So why not say, To Mom?

My sister and I have always called my parents by their first names. It’s always been the most natural thing for us—I think I tried calling them Mom and Dad once, and it felt weird and impersonal. When I was nine, one of my teachers asked my mom if “Ceci” meant “Mom” in Spanish, because she kept hearing us call her that. I thought, it is our word for Mom.

 

Speaking of moms and names, the main mother figure in Everyone Knows You Go Home is named Elda. Is that significant at all?

Honestly, I originally thought of calling her Elsa, but then Frozen became a huge thing and my nieces were always singing “Let It Go,” and as adorable as they are, it ruined the name for me. So then I thought of Elda, and out of curiosity I googled its meaning and learned it means Warrior, which suits her so perfectly.

 

Your novel is structured in dual timelines: one in the present, in which Isabel is visited by the spirit of her father-in-law, Omar, on her wedding day, which falls on the Day of the Dead. The second timeline takes place in the early ’80s, as Omar and his family cross the border from Mexico into Texas. Why these dualities?

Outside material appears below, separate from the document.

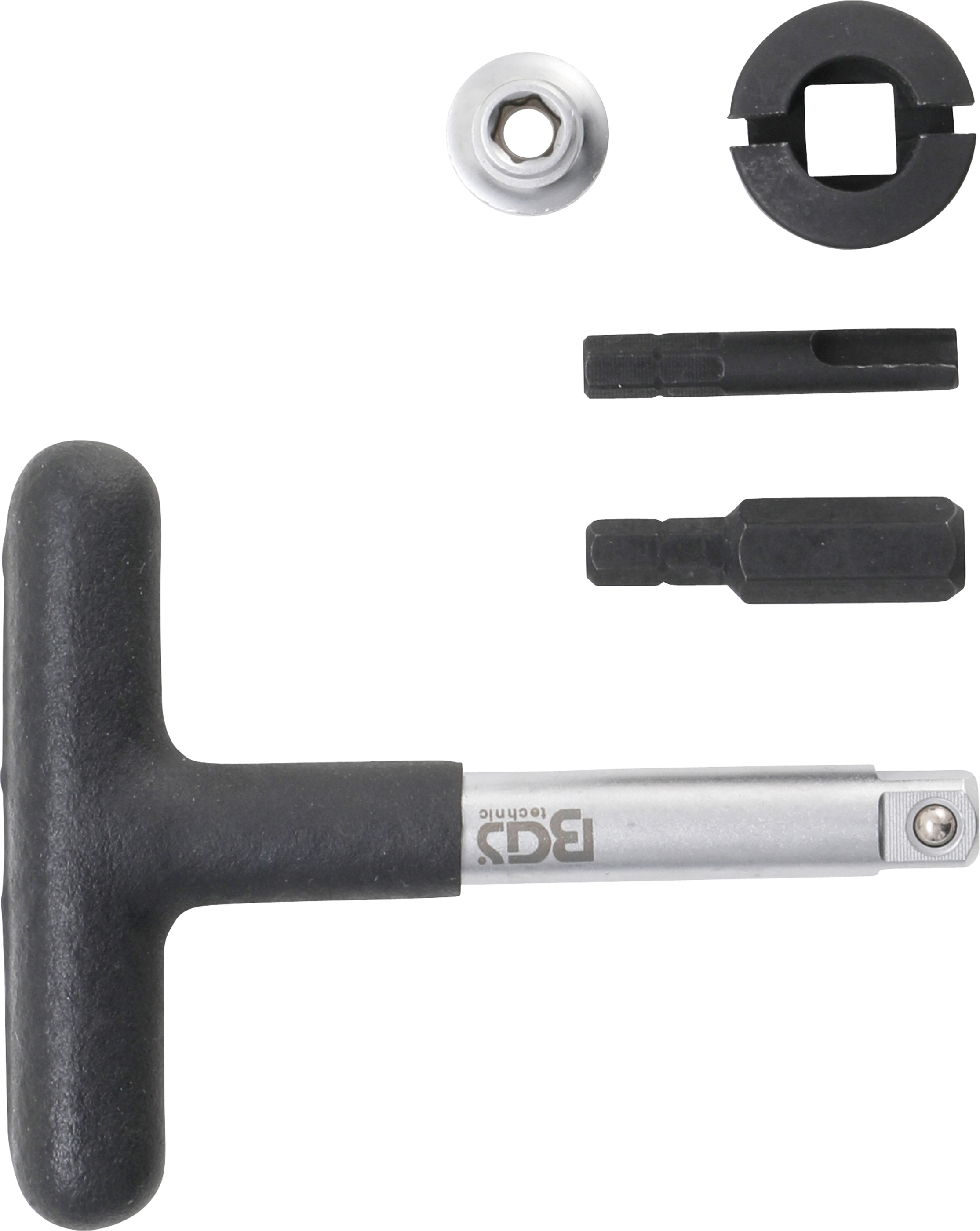 BGS Universal-Öldienst-Schlüssel-Satz | für Kunststoff-Ölablassschrauben | Antrieb Außensechskant 6,3 mm (1/4") / Abtrieb Außenvierkant 10 mm (3/8") | 5-tlg.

The simple and boring answer is that that’s how the story came to me—I don’t feel like I begin to learn the meanings and whys of what I write until the later drafts.

But eventually, I realized I was exploring physical and spiritual borders, and the very tangible consequences of invisible boundaries that are placed upon us (and also, those we place upon ourselves in our everyday relationships).

That  sense of feeling caught in in-between spaces is such a common one amongst us immigrants, but so is the importance of memory and wanting to preserve it. I think that’s why el día de los muertos became such a significant marker of time in this story—it’s all about refusing to forget what is gone, and knowing that holding onto someone or something in your heart is a powerful way of honoring them. As immigrants we find ourselves in a country that would very much like us to let go of our past, our culture, our history. But no matter how much our customs or language or community may evolve, there’s no erasing us. We’re here and we refuse to let ourselves or our ancestors be forgotten.

 

Tell me about Eduardo, Martin and Isabel’s teenaged nephew who crosses the border to live with them in the Rio Grande Valley.

I lived in the Valley when I was ten, eleven and twelve. My family and I moved away two days after I’d experienced my first kiss. I remember crying the entire 24-hour road trip to Florida. I think I was mourning the adolescence in the Valley I felt had been promised to me, and because of this, there’s always been a huge part of me that felt like I left it there. Eduardo gets to experience life as a teenager, so many of its firsts and subsequent excitement, in the Valley. I think I began writing parts of his story as a way to live vicariously through him, but I love that he very quickly reclaimed the narrative as his own.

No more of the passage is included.